First edition in English. Small 8vo. Pp. [vi], 74. Quarter-bound blue linen cloth over charcoal-grey paper boards, with printed pale blue label to upper board and spine stamped in black. In publisher's glassine dustwrapper with price (3/6 net.) printed in blue on front flap.
Spine faintly rubbed at head and tail, endpapers sparsely spotted, contemporary bookshop ticket to rear pastedown. In the rare glassine dustwrapper, sustaining some loss along the spine, but otherwise intact.
Translated by A. L. Lloyd. Originally published as Die Verwandlung in the avant-garde journal Die weißen Blätter, by Der weißen Bücher, Leipzig, in October 1915 and in book format by Kurt Wolff Verlag, Leipzig, in December of the same year (though dated 1916). Adamant that any illustration not depict a bug, Kafka stated in a letter to Wolff dated 25 October 1915: "The insect itself must not be illustrated by a drawing. It cannot be shown at all, not even from a distance".
Written in a flurry of feverish activity between November 17 and December 7, 1912 during which Kafka also completed Das Urteil and the first chapter of Der Verschollene (Der Heizer).

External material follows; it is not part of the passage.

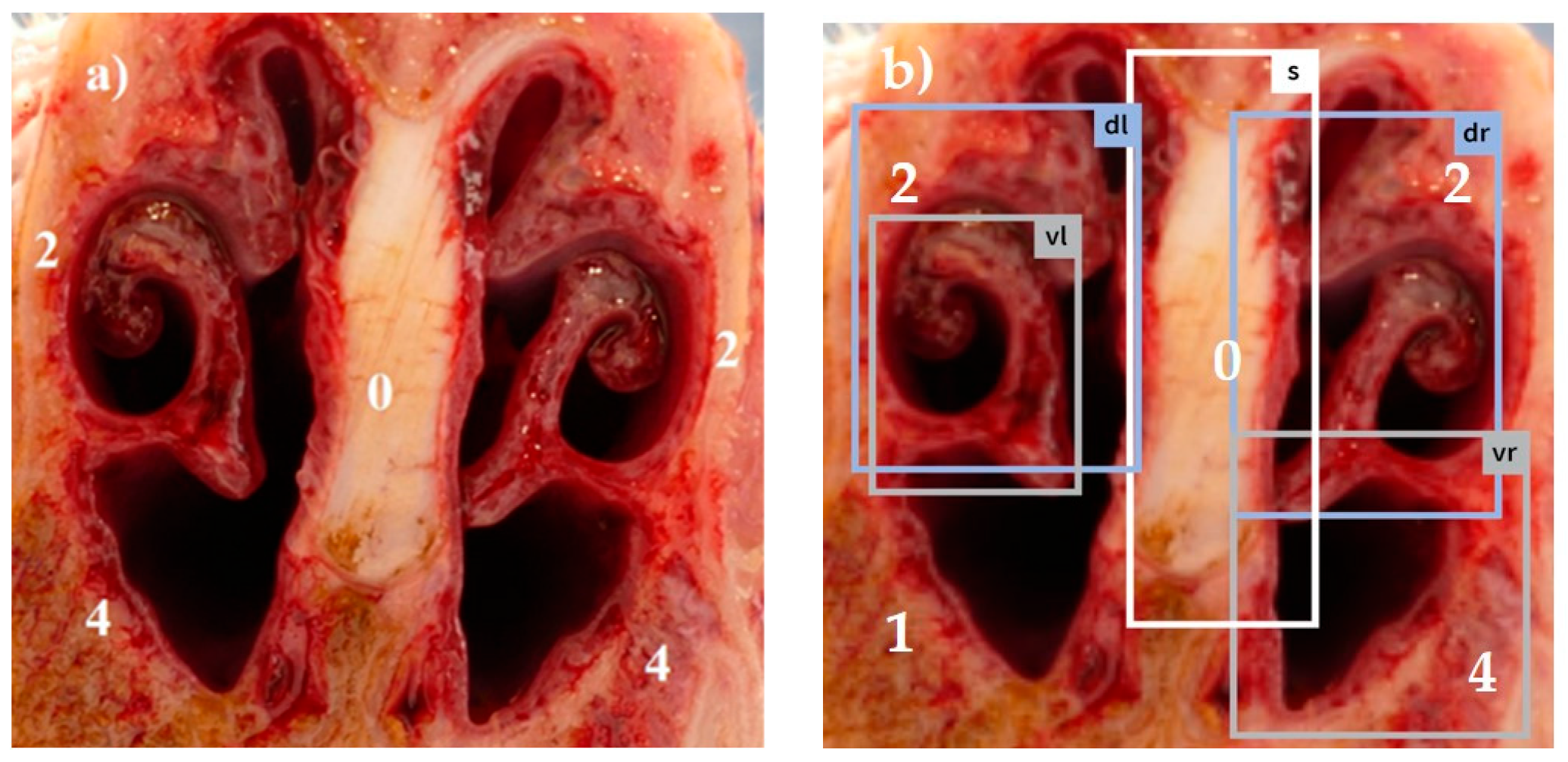 Animals 14 03113 g005 Animals 14 03113 g005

Partly autobiographical in its depiction of Kafka's uneasy relationship with his father and widely considered a cornerstone in the development of twentieth century consciousness, Die Verwandlung tells the bizarre tale of Gregor Samsa, an overworked travelling salesman who awakens from troubled sleep to find himself transformed into "some monstrous kind of vermin".